◆ PROBLEM TO SOLVE ◆
A faithful retyping of every entry below is wanted, with images left out.

SUPPLIED DATA Block Start

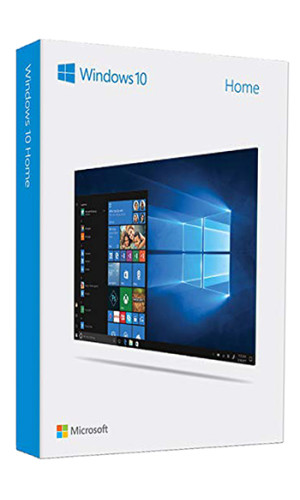 Windows 10 Home Cd Key OEM Microsoft Global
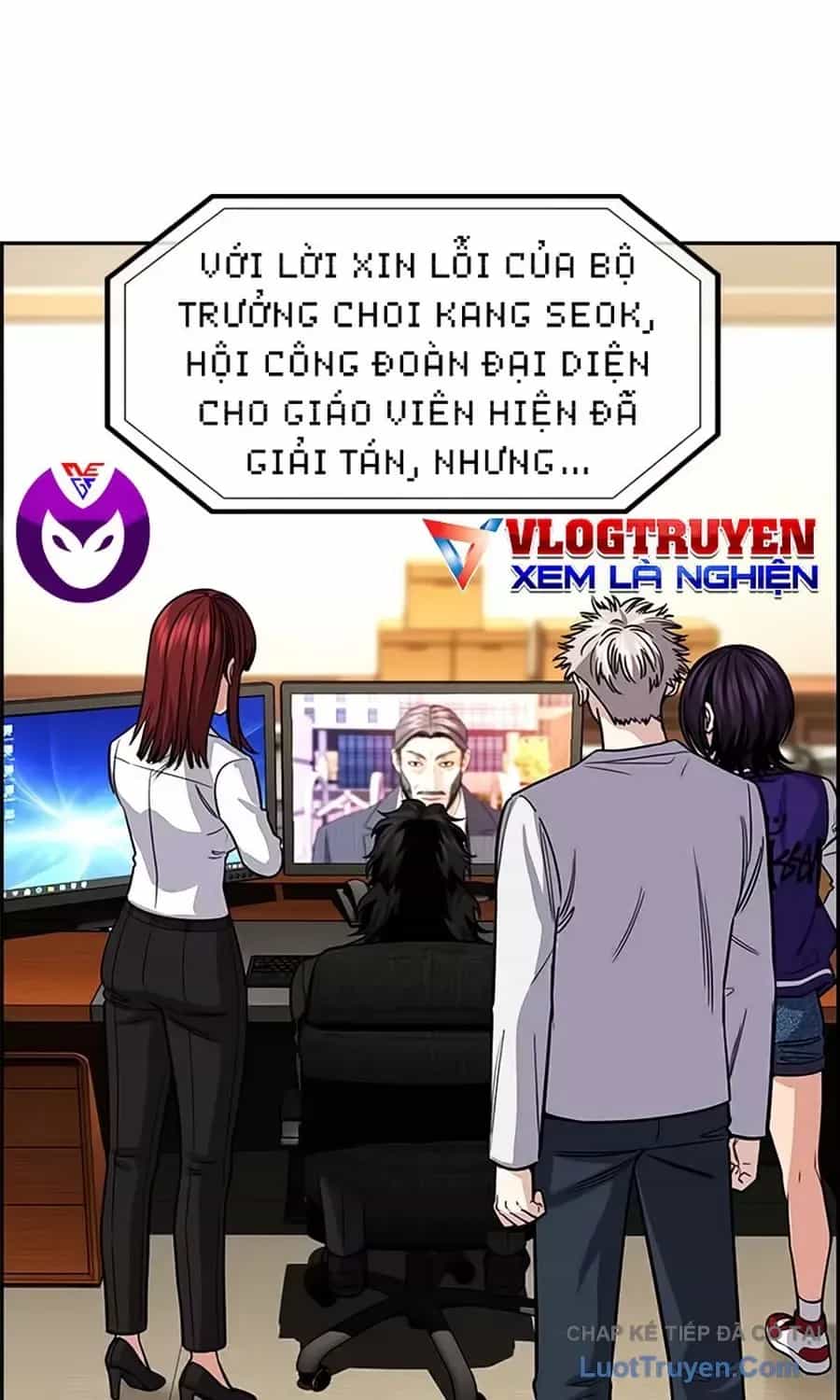 Giáo Dục Chân Chính - Chương 240 - ảnh 26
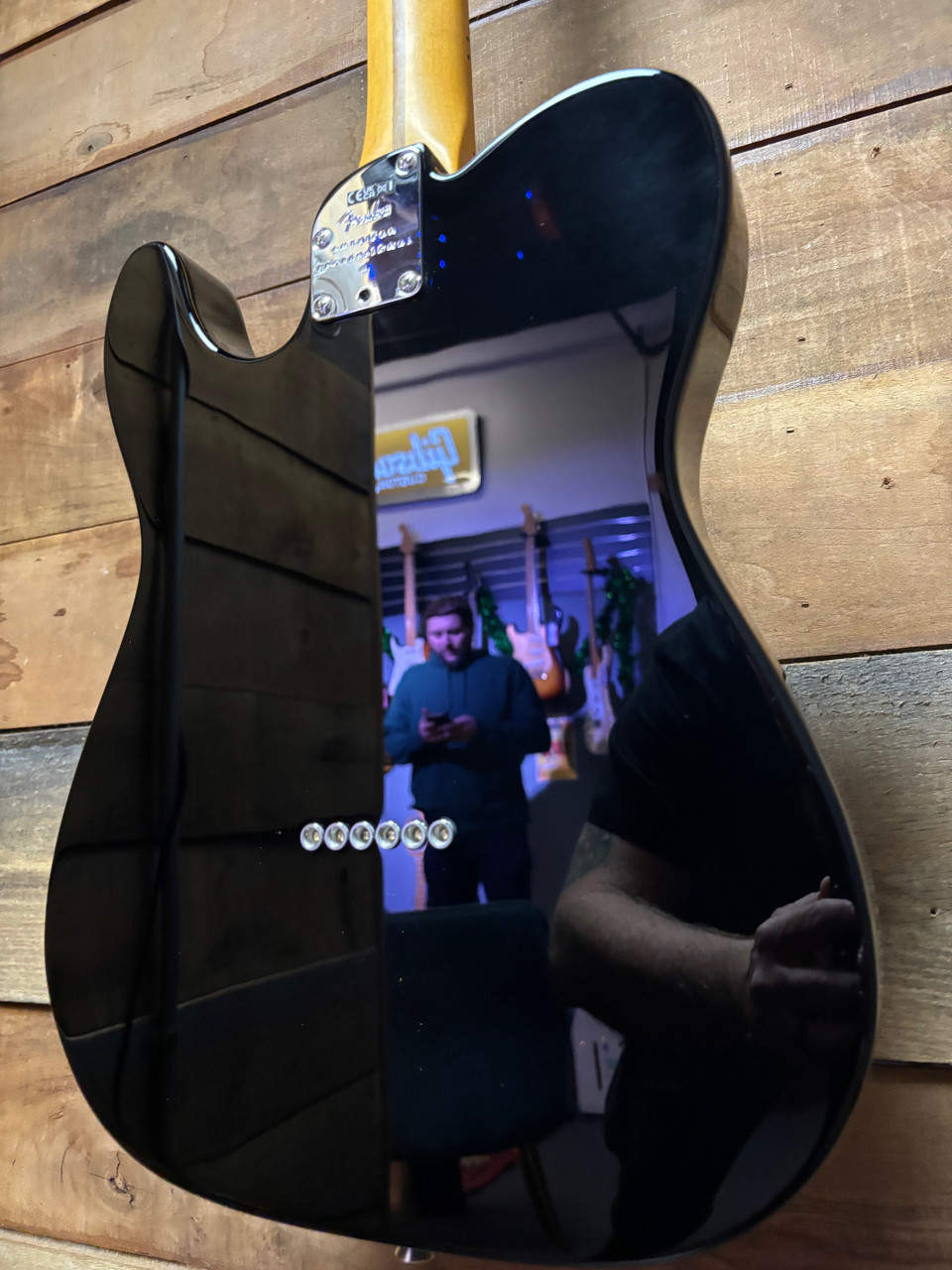 Fender American Professional2 tele 美品 Fender American Professional II Telecaster - Sienna Sunburst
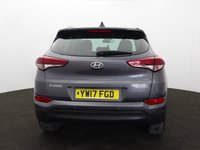 USED 2017 17 HYUNDAI TUCSON 1.7 CRDi Blue Drive Premium SUV 5dr Diesel DCT Euro 6 (s/s) (141 ps) HEATED SEATS | PARKING SENSORS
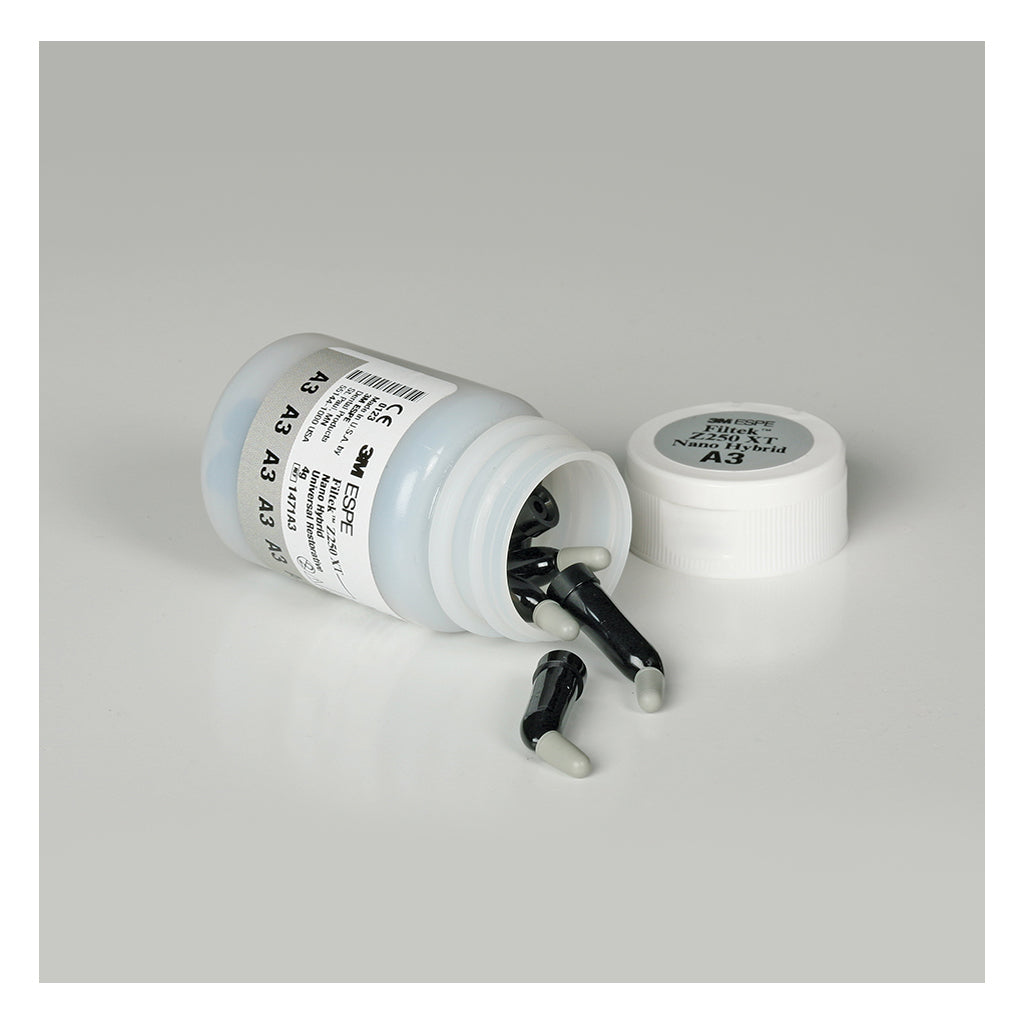 [3MQ2] 3M Filtek Z250XT Nano Hybrid Universal Restorative Capsule Refill A3 20 x 0.2g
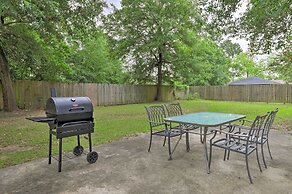 Gulfport Home w/ Deck & Grill, Walk to Beach!
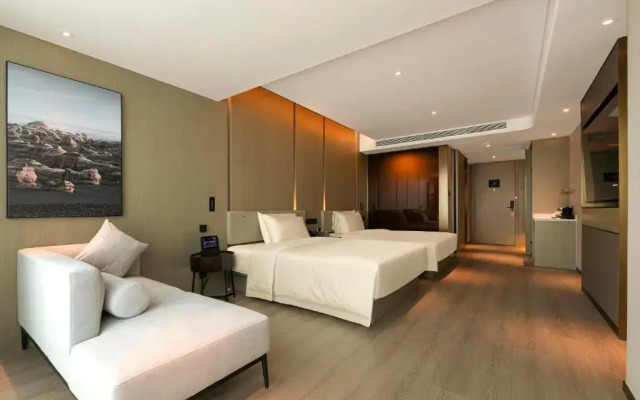 Atour Hotel Wuhan Hankou Financial Center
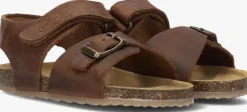 bruine develab sandalen 48305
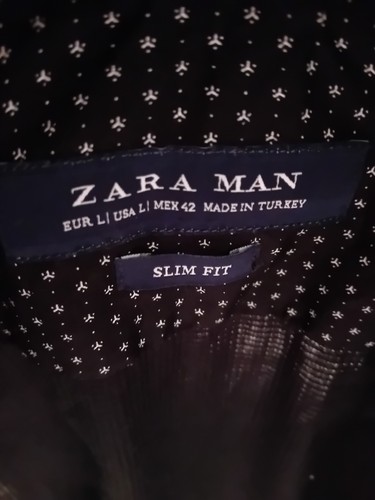 Camicia uomo zara man - uomo,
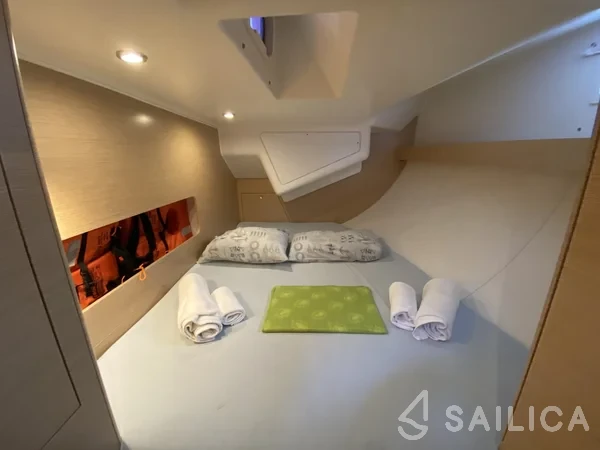 Elan 50 Impression - Yacht Charter Sailica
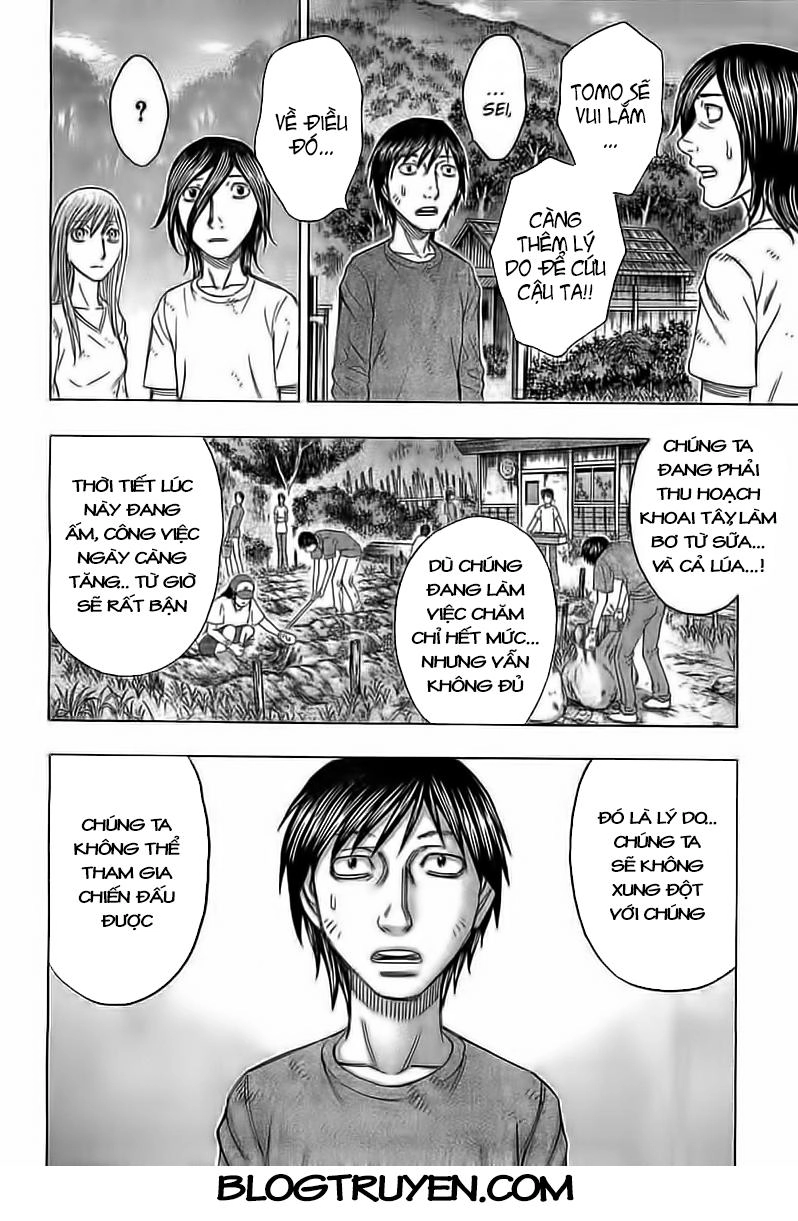 Suicide Island Chapter 104 - 11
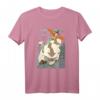 Avatar: Der Herr der Elemente T-Shirt mit Appa, Momo & Aang im Flug – Offiziell lizenziertes Nickelodeon Fan-Shirt zum Geburtstag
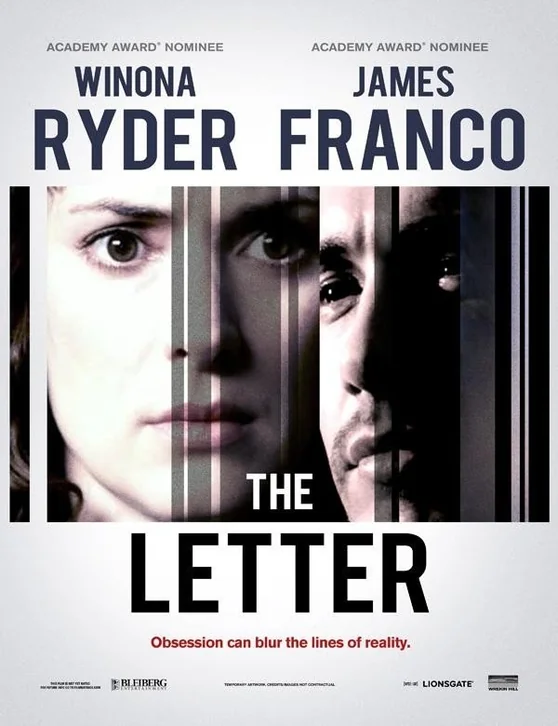 The Letter Movie Poster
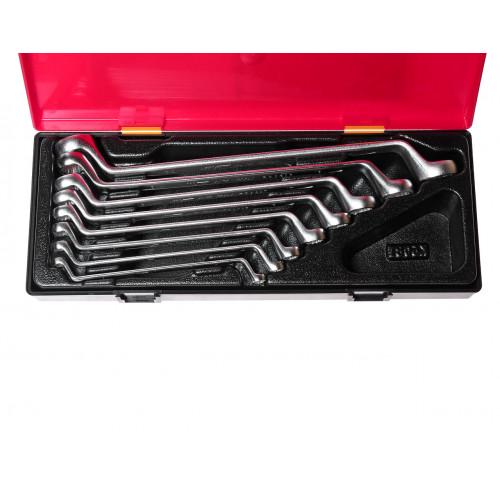 Набор ключей накидных 6-24 мм 75 гр. 8 пр. (K6081 JTC)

SUPPLIED DATA Block End

◆ RESULT FOR THIS EXERCISE ◆
 Windows 10 Home Cd Key OEM Microsoft Global
 Giáo Dục Chân Chính - Chương 240 - ảnh 26
 Fender American Professional2 tele 美品 Fender American Professional II Telecaster - Sienna Sunburst
 USED 2017 17 HYUNDAI TUCSON 1.7 CRDi Blue Drive Premium SUV 5dr Diesel DCT Euro 6 (s/s) (141 ps) HEATED SEATS | PARKING SENSORS
 [3MQ2] 3M Filtek Z250XT Nano Hybrid Universal Restorative Capsule Refill A3 20 x 0.2g
 Gulfport Home w/ Deck & Grill, Walk to Beach!
 Atour Hotel Wuhan Hankou Financial Center
 bruine develab sandalen 48305
 Camicia uomo zara man - uomo,
 Elan 50 Impression - Yacht Charter Sailica
 Suicide Island Chapter 104 - 11
 Avatar: Der Herr der Elemente T-Shirt mit Appa, Momo & Aang im Flug – Offiziell lizenziertes Nickelodeon Fan-Shirt zum Geburtstag
 The Letter Movie Poster
 Набор ключей накидных 6-24 мм 75 гр. 8 пр. (K6081 JTC)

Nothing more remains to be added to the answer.